Collect User Stories
-Users describe what system needs to do in a few sentences
-When the time comes to implement, the developers go to the customer to receive a detailed description of the requirements face to face.  (Use Cases)  - After release planning?
-Acceptance tests are written for stories to verify correct implementation


Release Planning
-Create a plan to layout the overall project
-The plan is used to create iteration plans for each iteration.
-Goal of release planning is to estimate each user story in terms of ideal programming weeks (including tests)

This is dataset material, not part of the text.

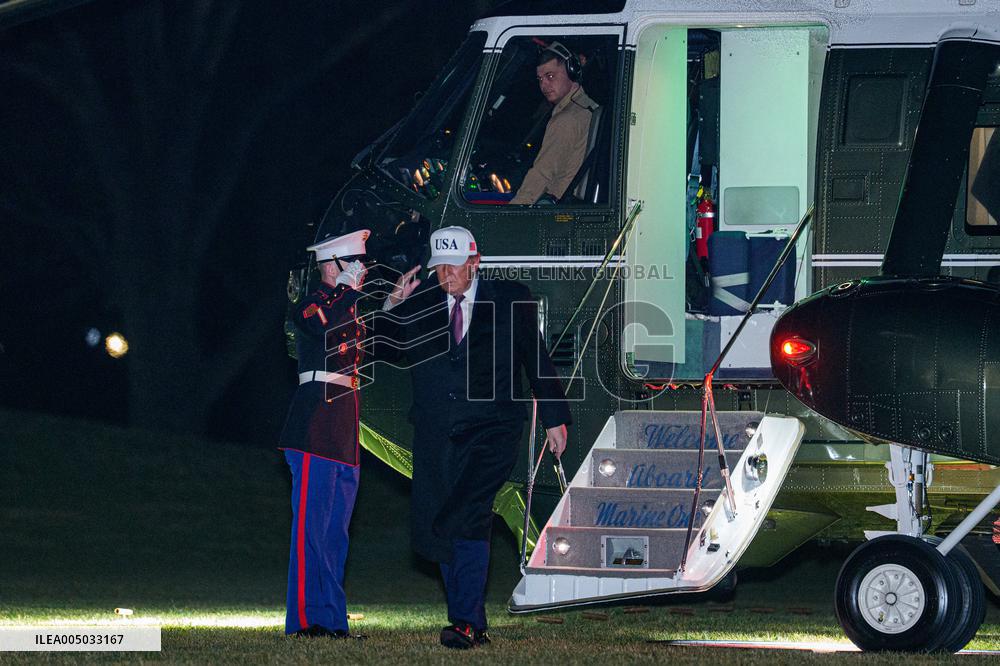 President Trump walks on the South Lawn - DC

-Prioritize user stories to decide the order in which they are completed
-A “set” of stories will be created in terms of a release or iteration
-Project Velocity - determine length of project – how many stories can be implemented by a given date (time), or how long a set of stories will take to finish (scope).
Example:
6 iterations, each with 3 user stories, each user story taking 2 weeks to develop, using 3 developers.

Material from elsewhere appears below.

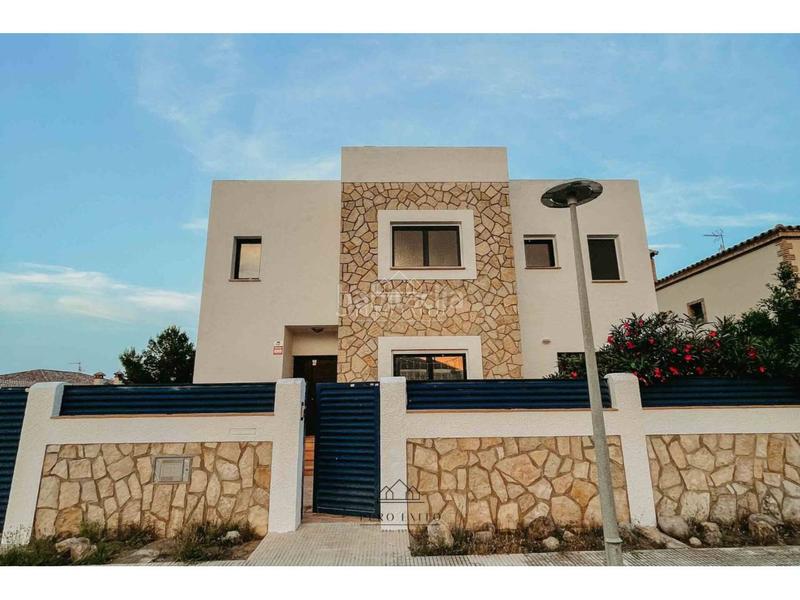 Foto e22cedbb-4306-4986-8985-e1a872800f0e. Casa espectacular villa independiente en miami playa en Miami Platja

Total time for project:  6 * 2 = 12 weeks
Total user stories completed at end of project: 6 * 3 = 18 user stories
6 user stories completed after the first 2 iterations
4 weeks completed after the first 2 iterations
-Iterations are planned in detail just before each iteration begins.
-Things to remember about release planning:  scope, resources, time, quality


Iteration Planning
-Each iteration is 1-3 weeks long.
-Customer selects user stories to implement
-User stories are broken down into programming tasks.  Tasks are in developer’s language; user stories are in customer language.  Tasks will be the detailed plan for each iteration.

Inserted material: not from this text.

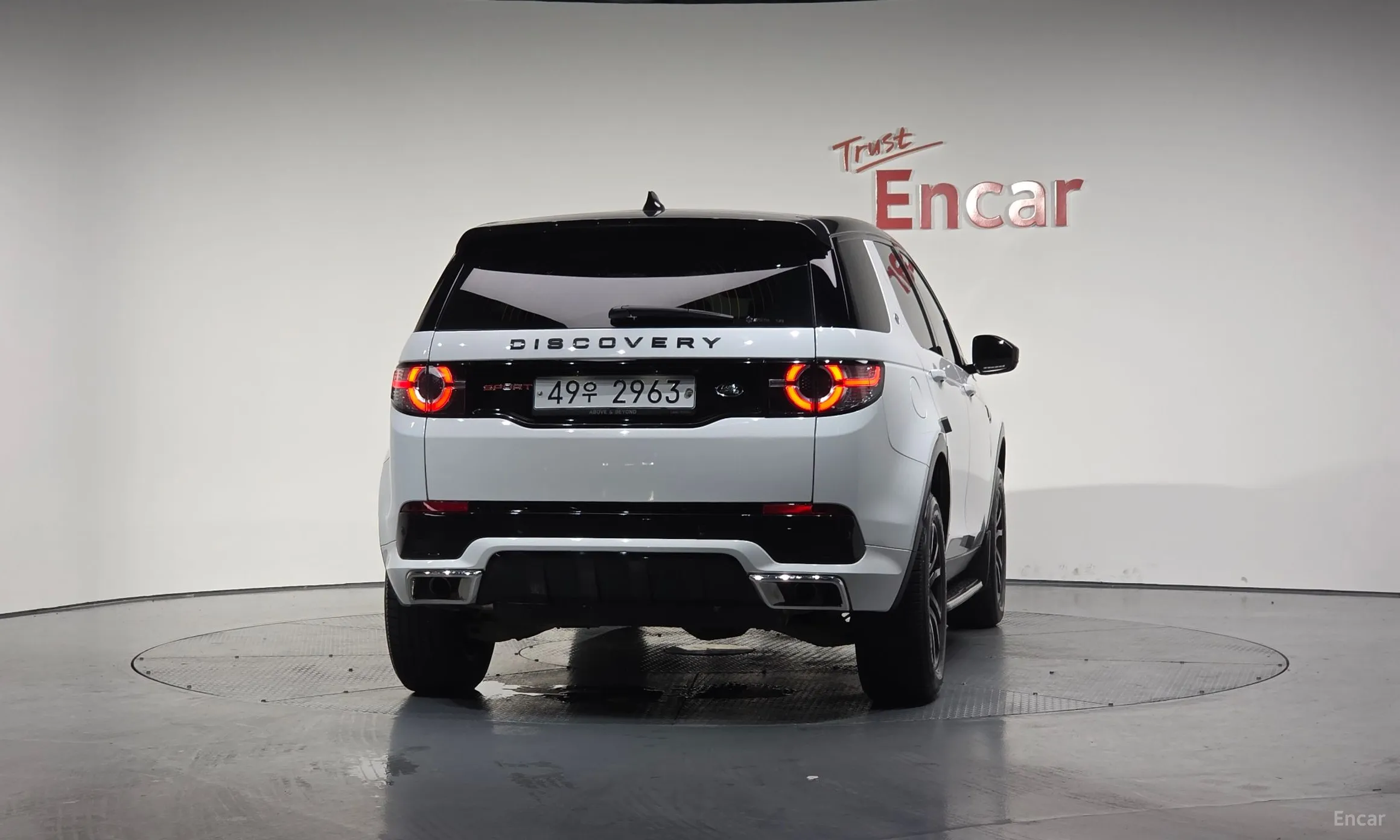 Land Rover Discovery Sports превью 3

-Developers sign up for tasks and estimate how long it will take to develop – a task should take 1-3 days of programming.
-Use Project Velocity again to determine if the iteration is over booked or not, after totaling up the time estimates in programming days of the tasks.  This must not exceed the project velocity from the user stories.  However, the velocity in task days overrides the velocity in story weeks because it is more accurate.
-It’s OK to put user stories off until a later iteration (snow plowing).  Don’t change task and story estimates just because they won’t fit into a planned iteration.
-May need to re-estimate all the stories and re-negotiate the release plan every three to five iterations – that is normal as long as we’re always implementing the most valuable stories first.


Iterative Development
-Divide development schedule into about a dozen iterations of 1-3 weeks.
-Iteration length should be constant throughout project.  It is this constant that makes measuring progress and planning simple and reliable.
-Don’t schedule programming tasks in advance.
-Each iteration needs an iteration planning meeting – easier to stay on top of changing user requirements.
-Track progress during the iteration.  Change estimates early if it looks like all tasks will not get finished.
-Try to create Unit tests first, before the code.
-Unit tests are released in the code repository along with the code they test.
-Code without tests should not be released.
-Unit tests enable collection code ownership.
-However, code ownership is not required if all classes are guarded by unit tests.